Essentially, tax relief companies work by negotiating with the IRS on your behalf for a fee. That fee can amount to thousands of dollars, with no guarantee that they will be more successful than you would if you negotiated with the IRS on your own. Unfortunately, the industry is rife with scams and bad business practices. Disreputable companies lure customers with false promises and, at the same time, charge high fees.
However, there are legitimate tax settlement firms. These companies are honest when it comes to deciding if you can benefit from their services, and they charge reasonable fees that are indicated in advance. The answer to this question really depends on the company you use for your tax debt relief service. Yes, there are legitimate tax relief companies that can help you reduce your tax debt or get an affordable payment plan.
However, there are also a lot of fraudulent companies. Do some research before choosing a tax debt relief company to represent you.

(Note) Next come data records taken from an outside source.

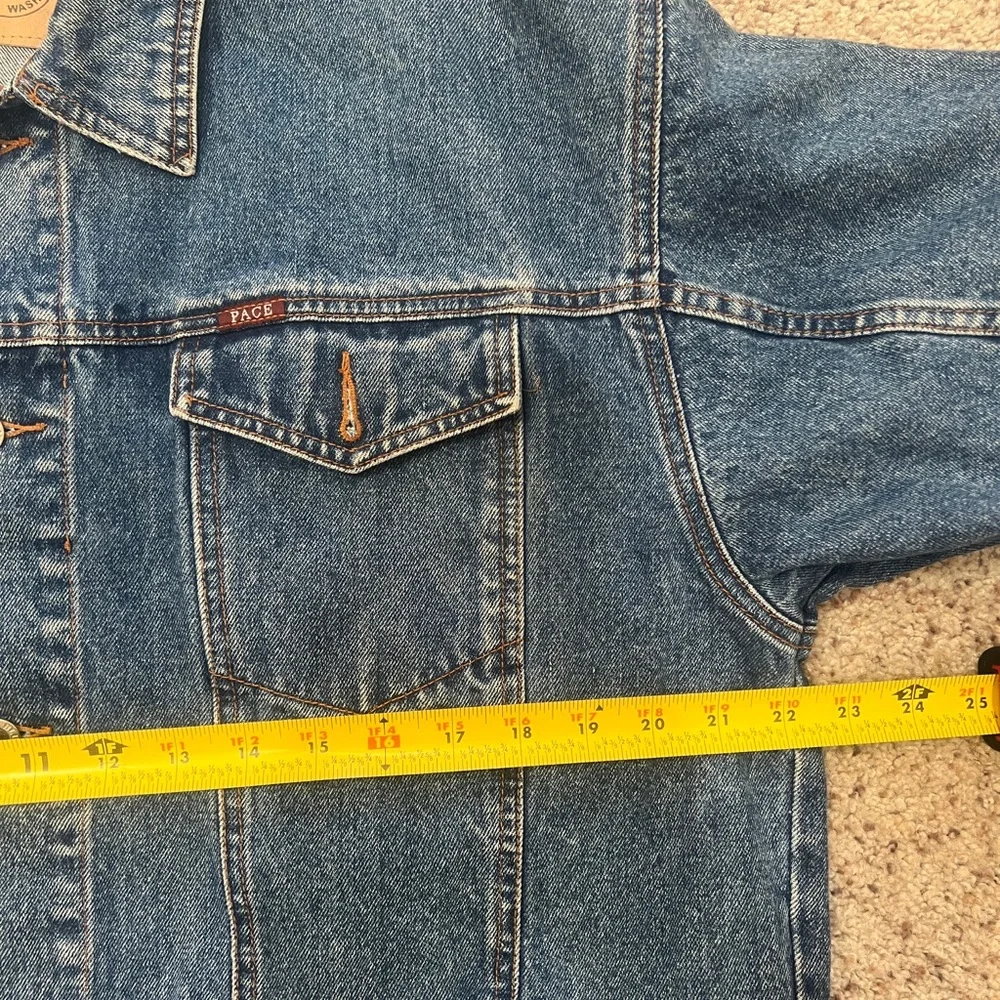 Vintage 1990s‎ Pace Brand Heavy Stone Washed Full Button Denim Jacekt Size XL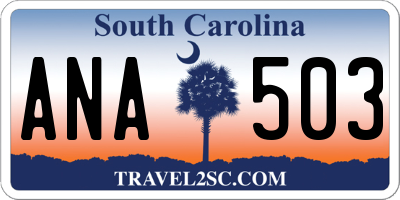SC license plate ANA503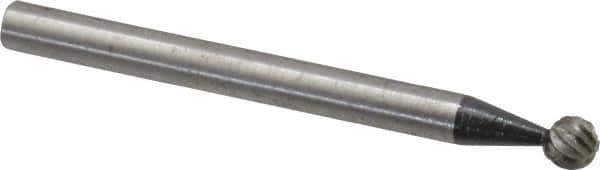 Made in USA - 1/8" Cut Diam, 1/8" Shank Diam, Cylinder with Radius Head Single Cut Burr - High Speed Steel, Radius End, 1/8" LOC, 1-1/2" OAL - USA Tool & Supply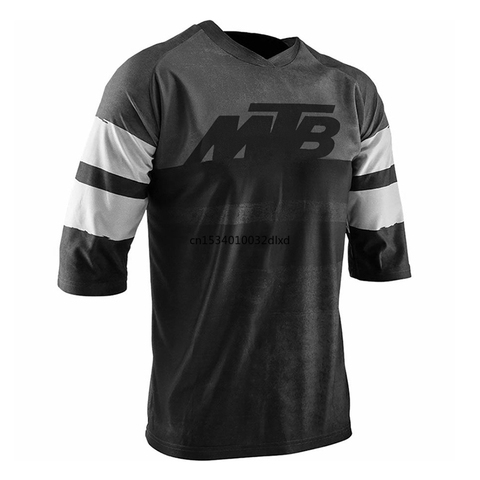 Rastro de Enduro jersey cuesta abajo moto Cruz camiseta para moto 3/4 manga moto rcycle MTB DH jersey MX ATV ciclismo jersey hombre bmx camisa ► Foto 1/6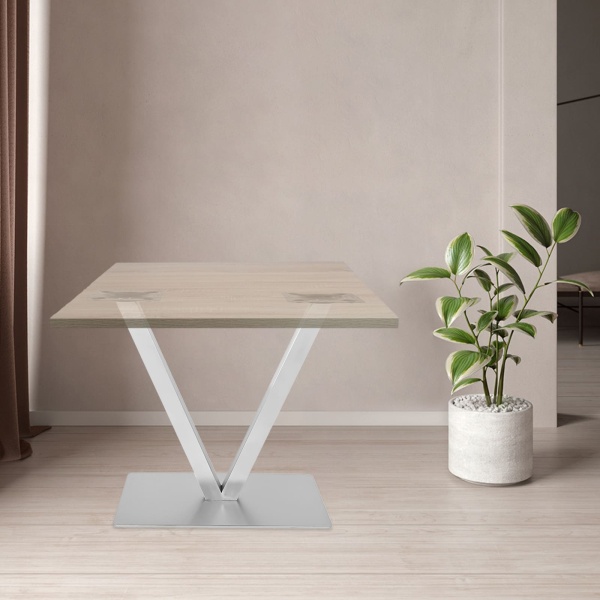 Pieds de table en forme de V en acier inoxydable brossé - Modèle en V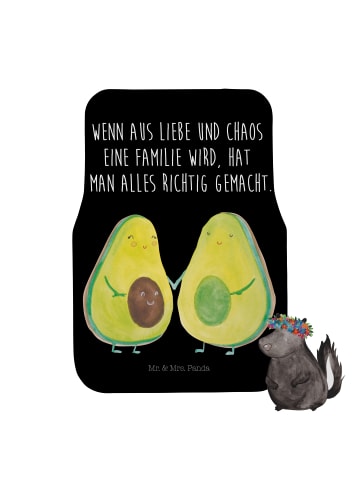 Mr. & Mrs. Panda Auto-Fußmatte Avocado Pärchen mit Spruch in Schwarz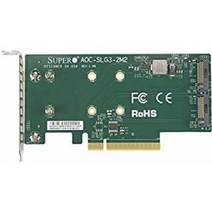슈퍼마이크로 Supermicro AOC-SLG3-2M2 PCIe 추가 카드 최대 2개의 NVMe SSD용 589158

Tax relief is a general term for government programs or policies that help taxpayers reduce their tax burden. He'll want to know that you're up to date with all your tax returns (or that you've filed a valid extension) and that you've made all the required estimated tax payments.
To qualify for CNC status, you must file all overdue tax returns and provide the IRS with financial information, including details about your income and expenses. Most tax settlement firms promise to send their experts to the IRS to negotiate on behalf of the client, where they can presumably persuade the agency to accept a much smaller amount, often cents on the dollar. With the TaxAudit app, you can securely upload the documents your tax professional needs from your smartphone, send and receive messages with a tax professional, and stay informed of the status of your case. If you discover that you are due a tax refund while your tax debt is suspended, the IRS will apply it to the amount you owe.
A case manager will review your current tax debt and other financial details and provide you with an estimate of your services. While the IRS offers several relief options, here are three you should consider if you owe back taxes. For example, the tax relief company may tell you that your one-time fee will cover all the services needed to reduce your tax liabilities, while the contract will indicate that the down payment is for limited services and that additional services will require additional payments. As part of their sales pitches, tax relief companies may tell you that tax authorities won't work with you.
Known as tax settlement firms, these entities claim that they can drastically reduce or eliminate what the customer owes the IRS. Some tax relief companies attract customers by stating that they can reduce customer debts by filing a commitment offer (OIC) with the IRS. Often, you'll hear announcements from tax debt relief companies about “cents on the dollar” settlements. In reality, this is virtually impossible to do, and the IRS rarely accepts a real reduction in the amount of taxes due.
In addition, before hiring a tax relief company to try to settle your accounts, check directly with the IRS to see if you qualify to participate in its commitment offer (OIC) program. If you're confused about the tax settlement industry and what it does, think about the debt settlement business. In complaints filed with the agency, disgruntled consumers said that they had paid thousands of dollars to tax relief companies and that they had become even more indebted and could not get refunds.